Working from the top of the records below, reproduce each line exactly, ending once you have written the line containing "Brick and stucco exterior with gabled roofs".

*** Supplied entries

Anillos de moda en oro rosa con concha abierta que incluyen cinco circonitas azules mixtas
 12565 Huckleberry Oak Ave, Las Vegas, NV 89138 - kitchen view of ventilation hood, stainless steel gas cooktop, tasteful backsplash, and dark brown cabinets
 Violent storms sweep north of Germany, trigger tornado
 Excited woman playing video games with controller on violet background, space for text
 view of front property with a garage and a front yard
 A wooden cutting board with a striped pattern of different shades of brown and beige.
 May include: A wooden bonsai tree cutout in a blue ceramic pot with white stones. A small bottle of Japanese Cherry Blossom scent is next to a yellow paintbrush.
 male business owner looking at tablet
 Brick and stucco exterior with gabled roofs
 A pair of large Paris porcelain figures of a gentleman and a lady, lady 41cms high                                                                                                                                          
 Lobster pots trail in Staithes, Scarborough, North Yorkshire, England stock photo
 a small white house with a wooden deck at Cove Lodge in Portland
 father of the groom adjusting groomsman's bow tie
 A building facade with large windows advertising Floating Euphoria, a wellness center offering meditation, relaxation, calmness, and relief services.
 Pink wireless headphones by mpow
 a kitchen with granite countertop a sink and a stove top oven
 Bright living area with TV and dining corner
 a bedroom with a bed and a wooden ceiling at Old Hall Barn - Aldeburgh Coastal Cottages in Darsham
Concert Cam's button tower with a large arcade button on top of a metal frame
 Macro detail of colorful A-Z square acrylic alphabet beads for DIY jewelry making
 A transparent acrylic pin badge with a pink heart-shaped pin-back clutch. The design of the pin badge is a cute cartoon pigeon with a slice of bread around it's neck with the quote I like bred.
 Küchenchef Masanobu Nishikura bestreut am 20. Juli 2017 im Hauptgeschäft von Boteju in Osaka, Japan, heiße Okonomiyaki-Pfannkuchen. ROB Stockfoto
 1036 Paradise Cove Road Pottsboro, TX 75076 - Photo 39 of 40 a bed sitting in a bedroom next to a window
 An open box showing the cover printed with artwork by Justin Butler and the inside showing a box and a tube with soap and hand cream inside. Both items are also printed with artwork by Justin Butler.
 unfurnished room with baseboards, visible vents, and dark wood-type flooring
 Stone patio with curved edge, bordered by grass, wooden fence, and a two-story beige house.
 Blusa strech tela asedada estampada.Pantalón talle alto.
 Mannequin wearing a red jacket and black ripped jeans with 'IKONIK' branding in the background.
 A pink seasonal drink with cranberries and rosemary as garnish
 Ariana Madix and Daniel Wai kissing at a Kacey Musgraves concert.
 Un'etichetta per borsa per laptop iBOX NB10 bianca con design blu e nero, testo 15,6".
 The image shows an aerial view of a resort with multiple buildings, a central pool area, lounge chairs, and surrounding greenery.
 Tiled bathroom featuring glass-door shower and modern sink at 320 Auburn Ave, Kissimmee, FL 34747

******

Output of the task:
Anillos de moda en oro rosa con concha abierta que incluyen cinco circonitas azules mixtas
 12565 Huckleberry Oak Ave, Las Vegas, NV 89138 - kitchen view of ventilation hood, stainless steel gas cooktop, tasteful backsplash, and dark brown cabinets
 Violent storms sweep north of Germany, trigger tornado
 Excited woman playing video games with controller on violet background, space for text
 view of front property with a garage and a front yard
 A wooden cutting board with a striped pattern of different shades of brown and beige.
 May include: A wooden bonsai tree cutout in a blue ceramic pot with white stones. A small bottle of Japanese Cherry Blossom scent is next to a yellow paintbrush.
 male business owner looking at tablet
 Brick and stucco exterior with gabled roofs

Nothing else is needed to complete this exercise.